Primer layers that have thermosetting properties at room temperature further typically have properties that are comparable to the properties of conventional (thermoset) crosslinked materials (such as solvent resistance, hardness, stiffness, toughness, etc.), but advantageously are thermoplastically processable as well. Moreover, these composite materials remain thermoplastically processable for many repetitions.

The preferred amount of thermally reversible crosslinks in the primer layer is 0.1-50% by total weight of the primer layer, such as 1-40%, or 2-35%.

The primer layer may further comprise one or more additives selected from surfactants, defoamers and modifiers. Such additives may suitably be present in an amount of 1-50% by total weight of the primer layer, such as 2-20%.

The primer layer preferably comprises 50-100% of organic polymer with thermally reversible crosslinks by total weight of the primer layer, such as 80-100%, 85-99%, or 90-98%.

The primer layer may have a layer thickness in the range of 0.5-200 μm, such as in the range of 1-50 μm.

The top layer in the photovoltaic roadway assembly of the invention is typically an anti-skid layer or anti-slip layer. Such an anti-skid or anti-slip layer can be used to increase the surface roughness and wear resistance (resistance to scratching etc.). The top layer may alternatively or additionally be a protective layer to mechanically protect the underlying photovoltaic modules.

Examples of suitable materials that may be comprised in the top layer include clear plastic, polytetrafluoroethylene, acrylic, polycarbonate, polyurethane, abrasion resistant versions of the above materials (i.e. those materials coated with an anti-scratch laminate), Diamonex® coated polycarbonate, fiberglass in epoxy on polycarbonate, epoxies, soda lime glass, tempered glass, annealed glass, and glass balls in epoxy on annealed glass. A combination of the above mentioned materials is also an option, e.g. an epoxy coating system with soda lime glass granules.
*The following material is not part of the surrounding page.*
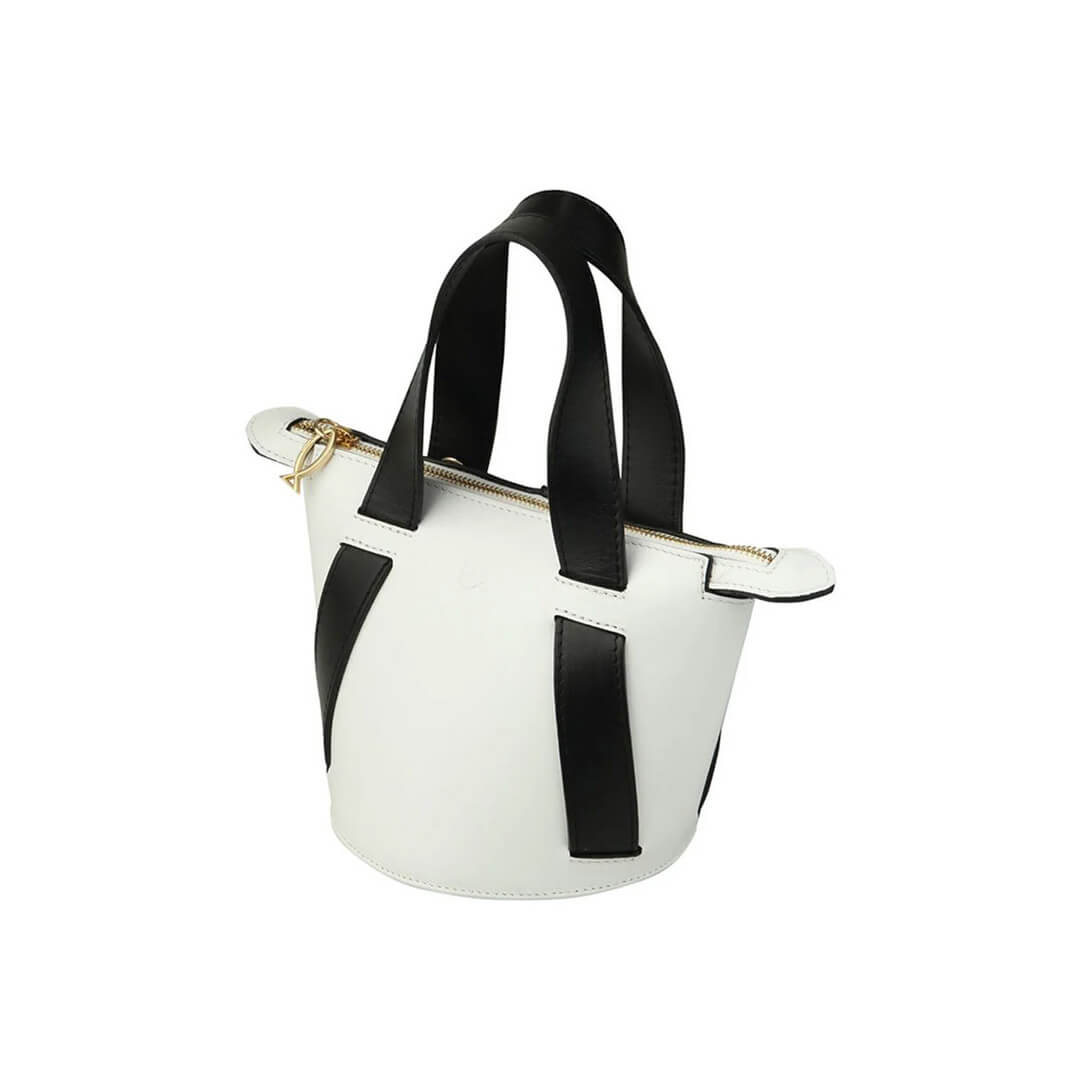 white and black leather bucket bag, made in greece, leather crossbody handbag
In case the top layer serves as anti-skid layer, it should provide sufficient friction to traffic passing on the roadway so as to prevent slippage of vehicles and/or people. Accordingly, the material of the top layer should provide sufficient friction, either by the nature of its composition or through subsequent treatment.

In an embodiment, the top layer comprises surface frictional elements formed into its upper (sun-facing) surface. Frictional elements can be particularly useful on surfaces that are very strong, abrasive resistant and light-permeable, but either do not by themselves provide enough traction for traffic to pass thereon or for which additional traction is desired.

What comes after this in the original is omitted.